*PROBLEM TO SOLVE:* Lines from the one containing "FURREAL - 80573 - POOPALOTS - KUCĒNS BEIGIE" through the last line of the data are to be returned exactly, both ends included, minus any pictures.

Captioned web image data
/---

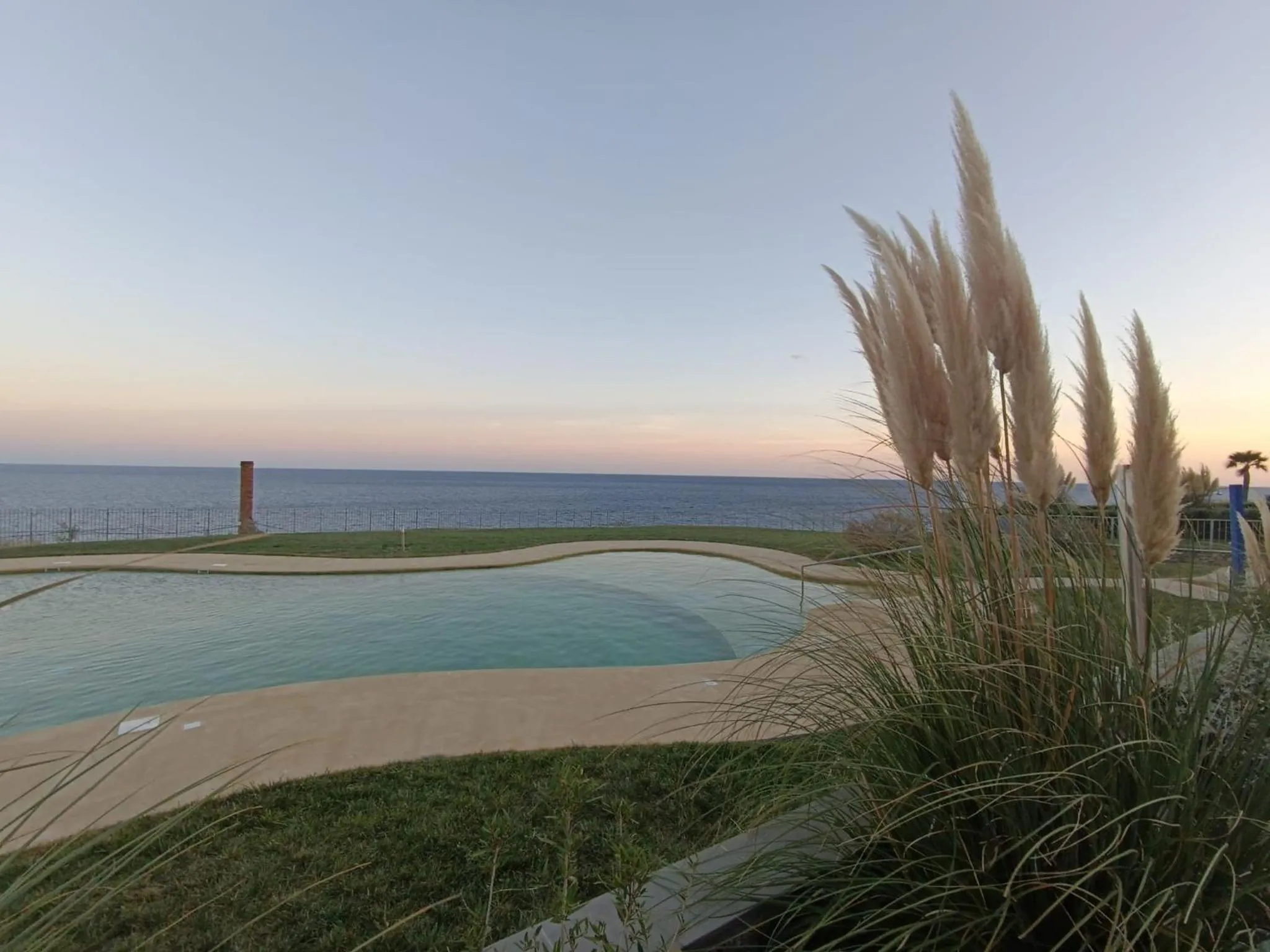 Appartamento romantico con piscina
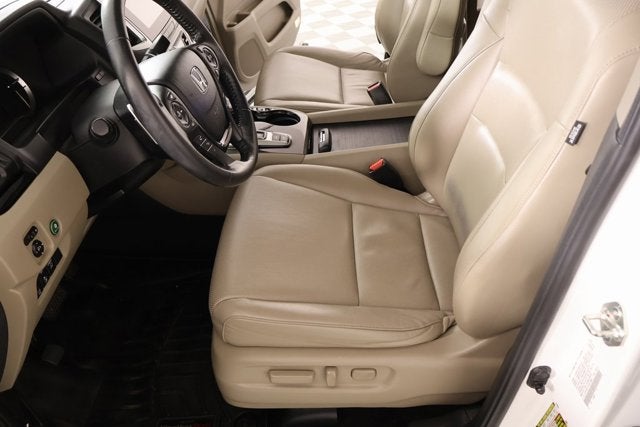 2020 Honda Ridgeline RTL-E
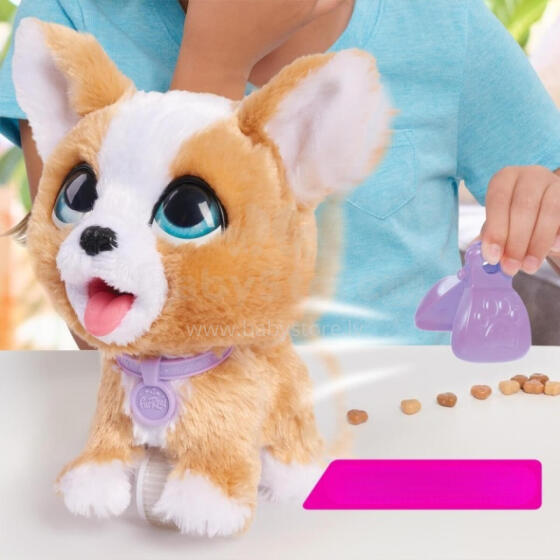 FURREAL - 80573 - POOPALOTS - KUCĒNS BEIGIE
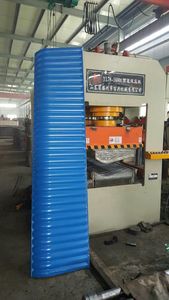 Chinese Supplier of Canopy Hydraulic <strong>Press</strong>, Hydraulic Forming Machine and <strong>Press</strong> - Product Image 5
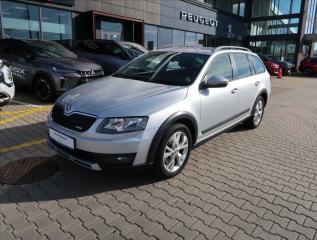 koda Octavia 2.0 TDI DSG 4x4 SCOUT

\---

*SOLUTION TO THIS EXERCISE:*
 FURREAL - 80573 - POOPALOTS - KUCĒNS BEIGIE
 Chinese Supplier of Canopy Hydraulic <strong>Press</strong>, Hydraulic Forming Machine and <strong>Press</strong> - Product Image 5
 koda Octavia 2.0 TDI DSG 4x4 SCOUT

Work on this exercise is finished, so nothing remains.